Suspense mounts… the hidden coin is still somewhere within this cake!
St. Basil’s Day is January 14/1
Some lovely St. Basil the Great Quotes
The tradition of the St. Basil Cake is as follows… To avoid the wrath of the cruel emperor Julian, St. Basil of the Great – Bishop of the city of Caesarea in Asia Minor, helped direct the city avoid destruction by Julian’s army. Julian mistakenly thought he had been insulted while passing through the drought stricken countryside and vowed to return after the war with Persia to raze Caesarea. Time passed, and while anticipating the return of emperor Julian, the city prayed for deliverance. Meanwhile the saint collected jewelry and gold from each family which would be presented to Julian to appease his anger. Unexpectedly, the news of Julian’s death came, and the people decided to donate most of the treasure collected for Julian, to the church instead. St. Basil built a hospital and orphanage and the rest of the treasure was to be returned to the people. Of course, St. Basil did not know who owned each piece of gold or jewelry, and this is when the miracle occurred. Illuminated by the Grace of God, St. Basil instructed the city bakers to bake many, many, sweet buns. St. Basil blessed the gold and jewelry and threw them into the dough. He distributed the baked buns to the people and tradition says each household received their own jewelry baked inside each loaf!

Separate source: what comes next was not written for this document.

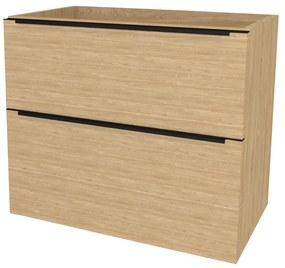 Mereo Mailo, kúpeľňová skrinka 81 cm, čierne madlo, Multidecor, Dub olejovaný, MER-CN591SBDUO1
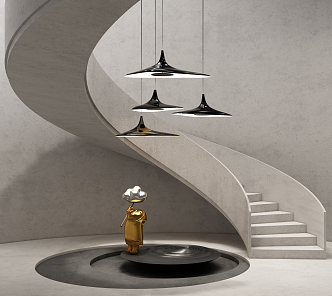 Quiet rotating staircase chandelier sculpture ornaments 3d model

This traditional cake celebrates the amazing life of St. Basil, and the miraculous return of the coins/jewels!
Cutting the Cake: At home, after the Divine Liturgy, the cake is loosely covered with a napkin, and the sign of the cross is made. The undercover-cutting commences, so nobody can see where the secret coin might be. The slices are distributed in this order: First piece cut is in honour of Christ, the second is cut in honour of the Virgin Mary, and the third is cut for St. Basil. These three pieces are saved and given the same day to the elderly, or the poor. The next pieces are cut for the most senior member of the household down to the youngest member. Whoever finds the coin in their piece of cake puts it toward something special!
- 1 cup butter
- 2 cups white sugar, plus 2 Tbsp. white sugar, for sprinkling on top of cake later
- 3 cups flour
- 6 eggs
- 2 tsp. baking powder
- 1 cup warm milk
- 1/2 tsp. baking soda
- 1 Tbsp. fresh lemon juice
- 1/4 cup blanched slivered almond
Wash and dry a coin, then tightly wrap it in aluminum foil.
Preheat oven to 350°.
Grease a 10 inch round angel food cake pan with 1-2 Tbsp of extra butter.

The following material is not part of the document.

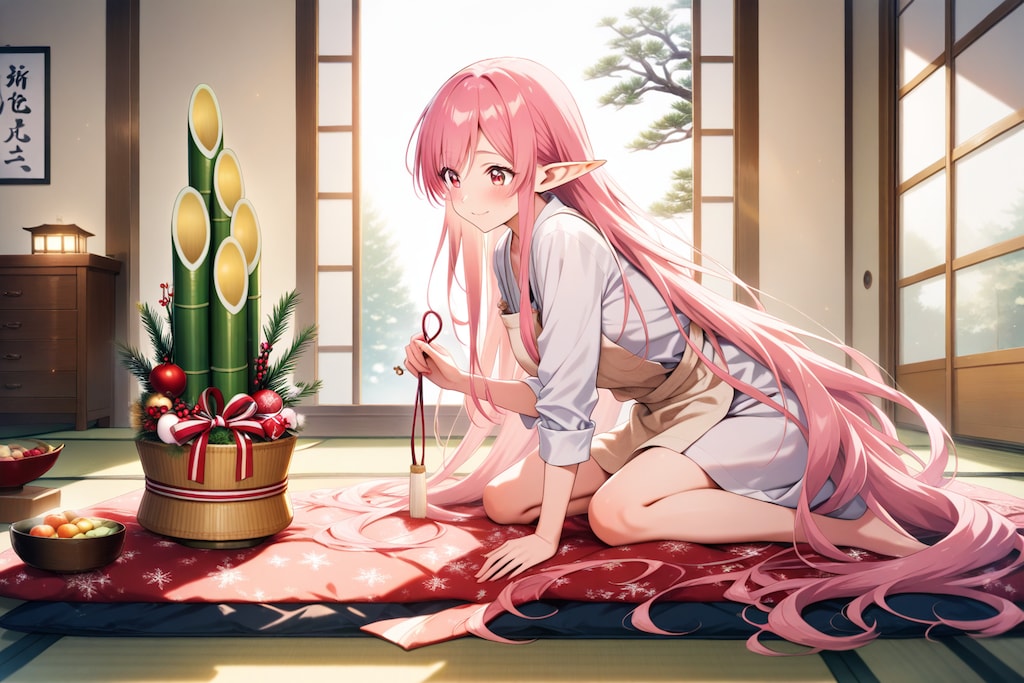 正月の準備をするエルフの女の子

In a mixing bowl, cream the cup of butter and 2 cups of sugar together until light in colour. Add the eggs one at a time, blending each one in well. Stir in the flour, baking powder and baking soda and mix gently until just combined.
Add the warm milk and lemon juice to the cake batter to mix well… A total of about 3 minutes medium speed. Use a spatula and stir anything off the bottom.
Pour the cake batter in to a greased Angel Food Cake pan, insert the *foil wrapped coin, and bake for 20 minutes.
Remove the cake from the oven; sprinkle the nuts and 2 Tbsp. sugar over the cake, then return the cake to the oven and bake for a further 20-40 minutes or until the cake springs to the touch, and an inserted knife or wooden skewer comes out clean.
If using a deep, 8 1/2 inch well greased springform (cheesecake style) pan, the complete baking time may take up to an hour. Check regularly, as ovens vary.
Allow to cool on a rack for 20 minutes, then transfer to a cake plate.
*You can also insert the foil-wrapped coin after the cake is baked, pushing directly underneath, into the cake, so it remains unseen from the top of cake.